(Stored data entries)
▬▬▬

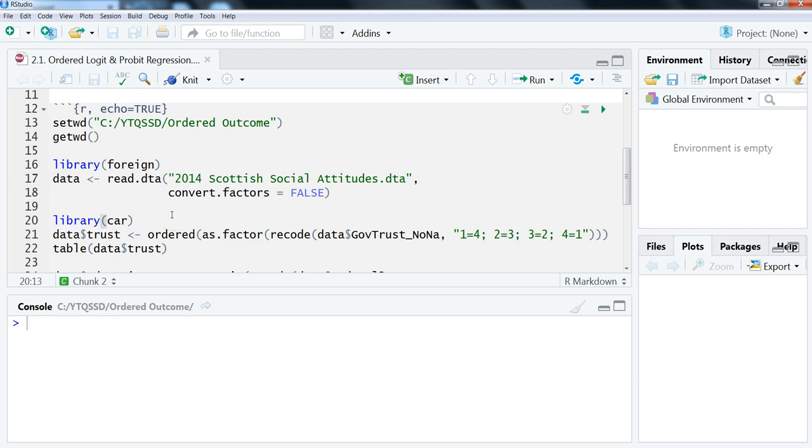Hi, this is Brian Fogarty, and in this video we're going to look at how to run ordered logit and probit regression models in R.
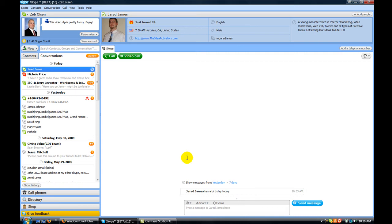So get the new Skype beta version. I'll put a link somewhere for you to be able to go get it. With that, I'm Zeb Olson and I'm committed to your success. Are you? Make it a great day.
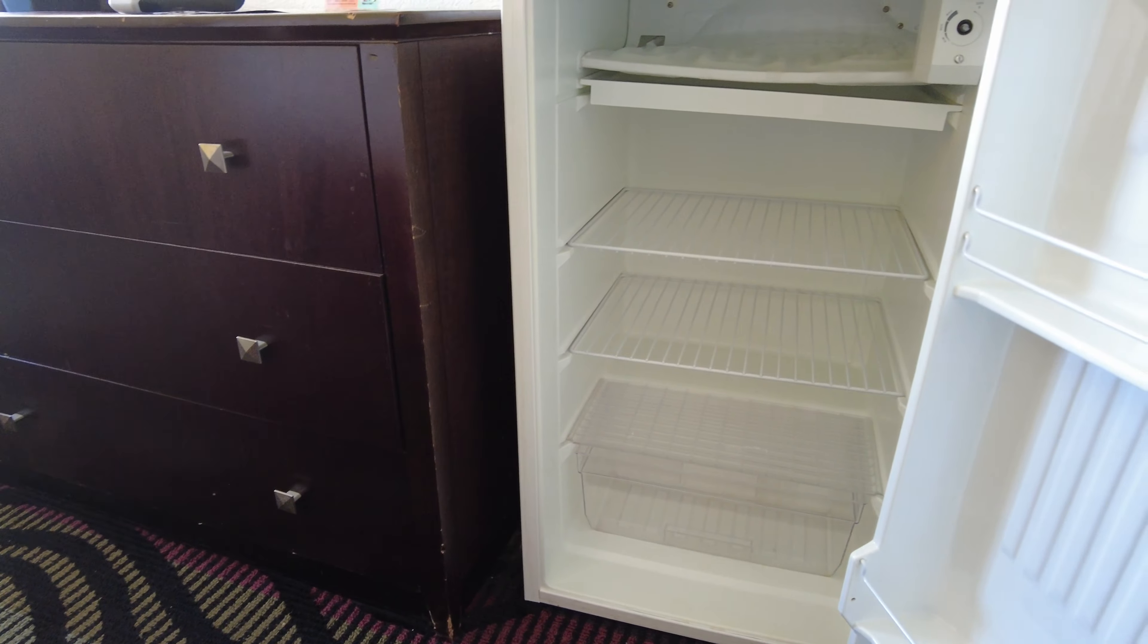But anyways, here's a test of the shower. So the shower works okay. And then over here on the left is the toilet. Again, as you can see, very cramped quarters here.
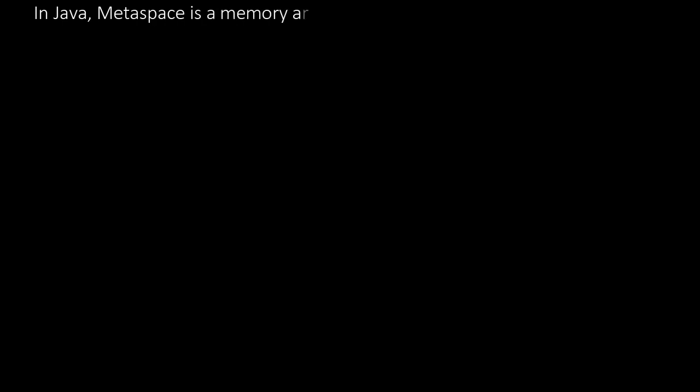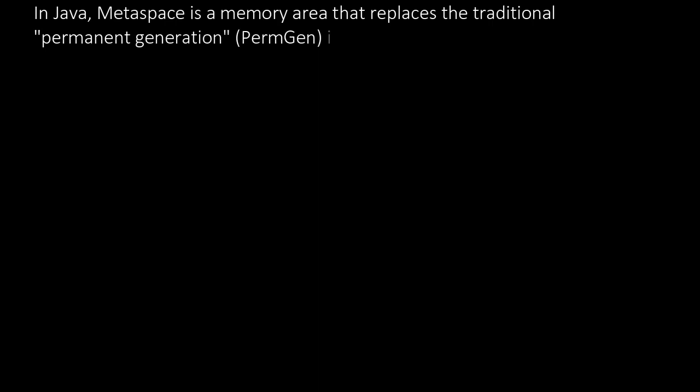In Java, Metaspace is a memory area that replaces the traditional permanent generation (PermGen) in Java 8 and later versions.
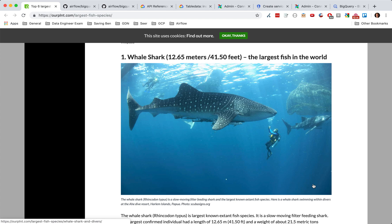Hello everyone, this is Ethan. Today we're going to be talking about Airflow hooks and BigQuery.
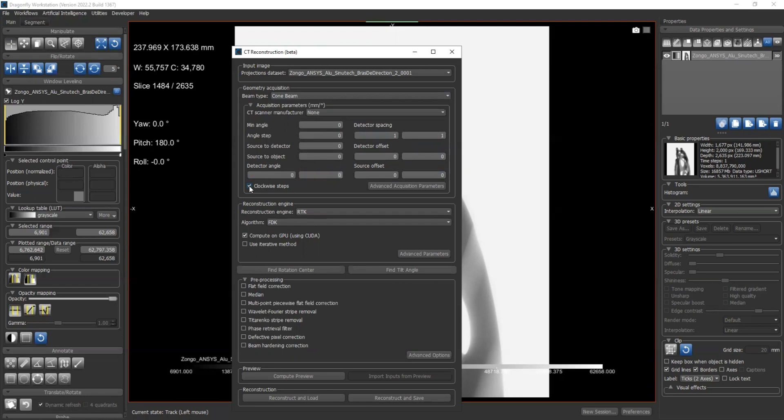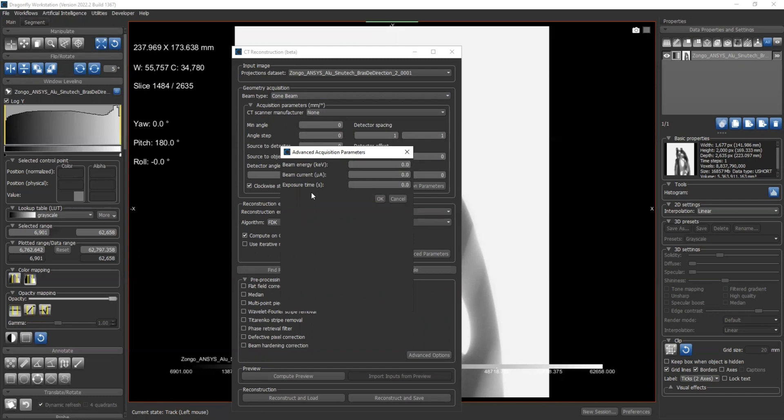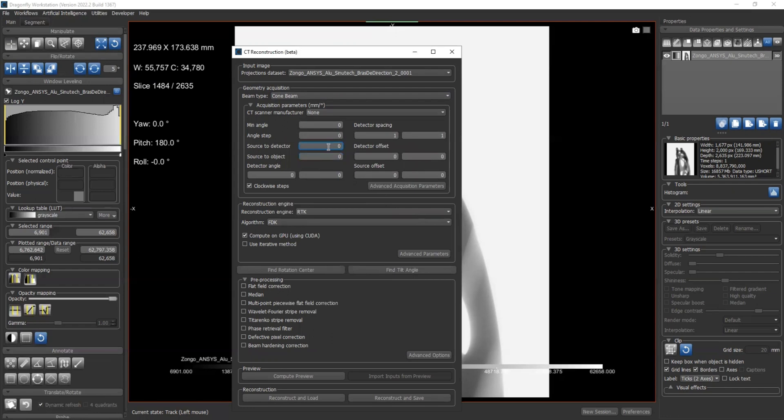Besides, we have clockwise steps. If you check it, the rotation direction is clockwise. Otherwise, if you uncheck it, it's counterclockwise. For the advanced acquisition parameters, we have energy, beam energy, beam current, and exposure time. For now, we don't use those parameters, but in the future they may be useful.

▬▬▬

**About this exercise:** Begin at the first line of the data above and repeat each line exactly, stopping after the line containing "So get the new". Omit the pictures.

**Final answer:**
Hi, this is Brian Fogarty, and in this video we're going to look at how to run ordered logit and probit regression models in R.
So get the new Skype beta version. I'll put a link somewhere for you to be able to go get it. With that, I'm Zeb Olson and I'm committed to your success. Are you? Make it a great day.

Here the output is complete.